[Brief descriptive captions]
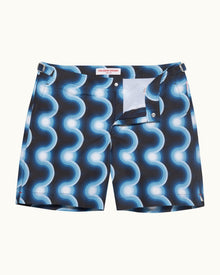 Midnight Navy Mid-Length Swim Shorts | Midnight Navy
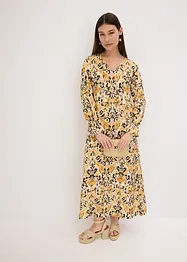 Robe caftan imprimée en viscose fluide, bonprix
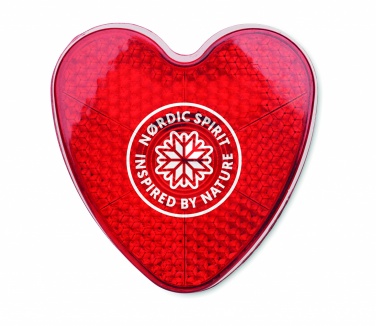 Logotrade corporate gifts photo of: Heart shaped reflector light
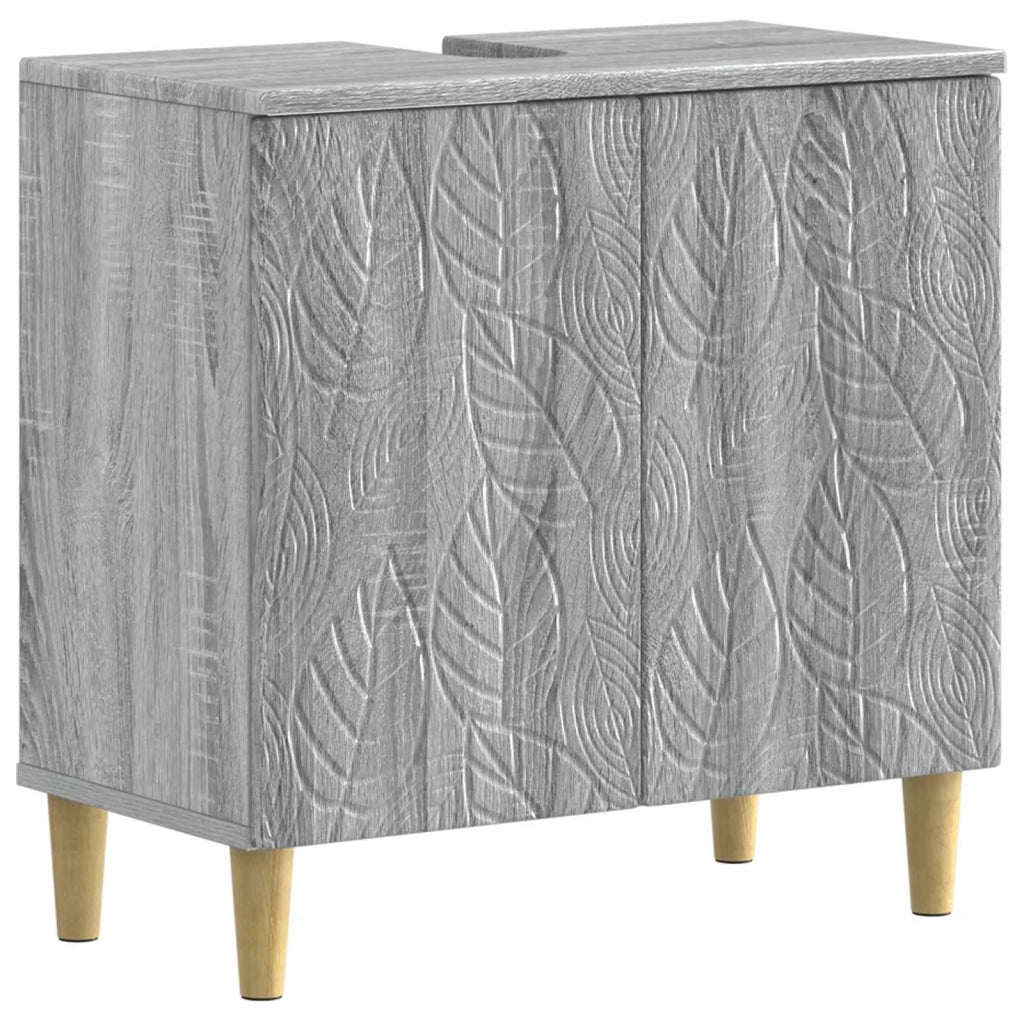 Set di Armadi da Bagno da 2 Pezzi DELFT Sonoma grigio 3418032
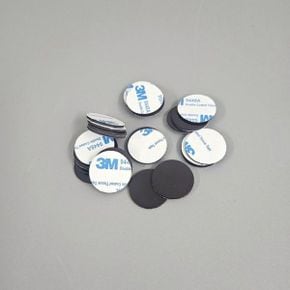 원형 부착식 고무 스티커 25mm 자석 붙이는 전단지 롤 얇은 종이 디움(WFPFAU7)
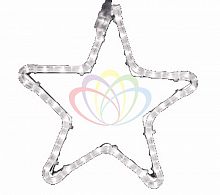 светодиодная фигура звездочка цвет желтый 30x28см в Нижневартовске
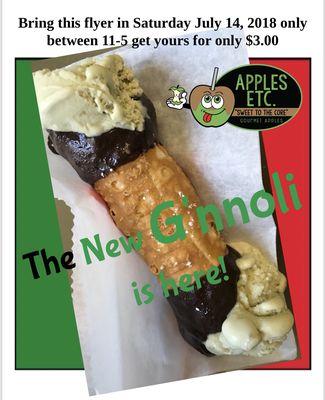 New G'NNOLI's are here ! Gelato stuffed cannolis !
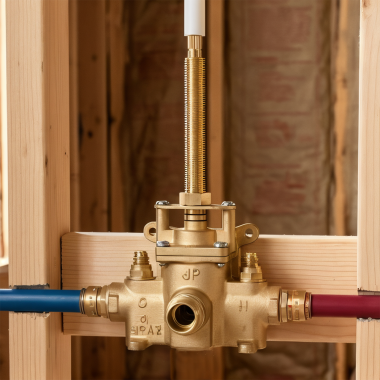 Click here to see   Newport Brass Pressure Balance Rough-In Valve with Temperature Limit Stop- 1-684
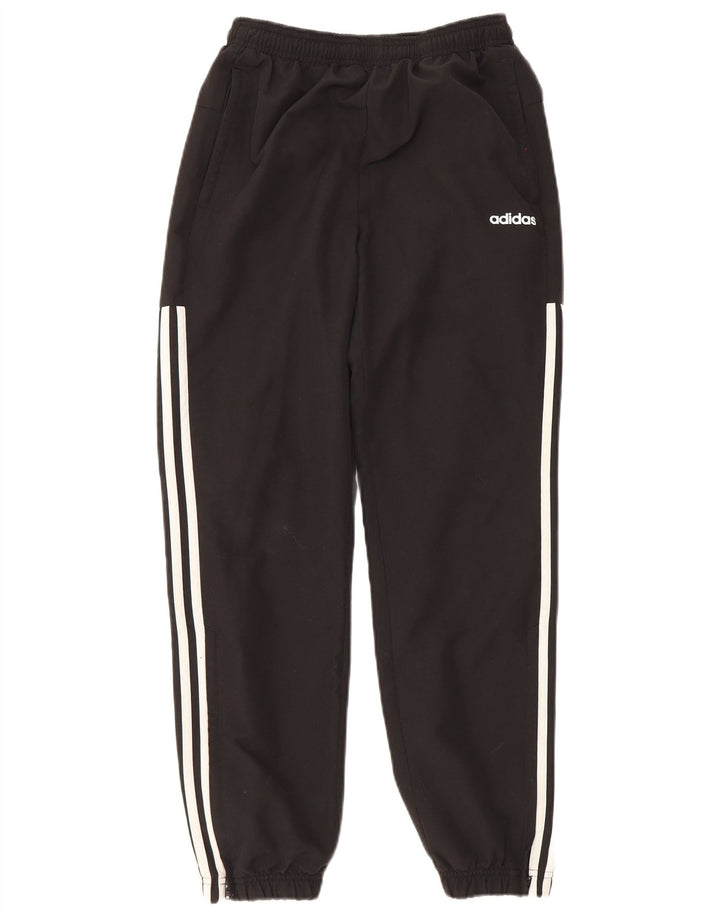 Adidas meninos calças de treino joggers 13-14 anos preto poliéster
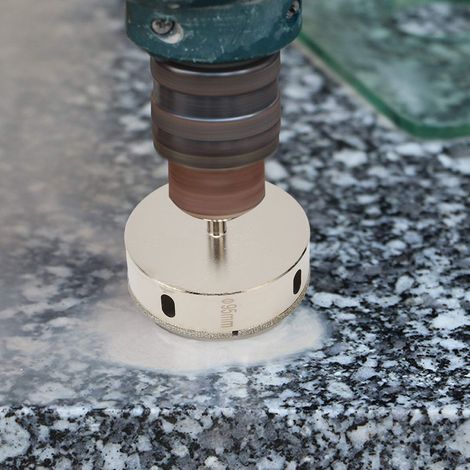 95-mm-Bohrer zum Bohren von Glas, Diamantschleifmittel, Bohrwerkzeug für Marmor, Fliesen und Glas (1/5)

[ASSIGNED TASK] Find the line that contains "New G'NNOLI's are", then write out that line and every line after it through the end of the records, exactly. Leave the pictures out.

[REPLY TO THE TASK]
 New G'NNOLI's are here ! Gelato stuffed cannolis !
 Click here to see   Newport Brass Pressure Balance Rough-In Valve with Temperature Limit Stop- 1-684
 Adidas meninos calças de treino joggers 13-14 anos preto poliéster
 95-mm-Bohrer zum Bohren von Glas, Diamantschleifmittel, Bohrwerkzeug für Marmor, Fliesen und Glas (1/5)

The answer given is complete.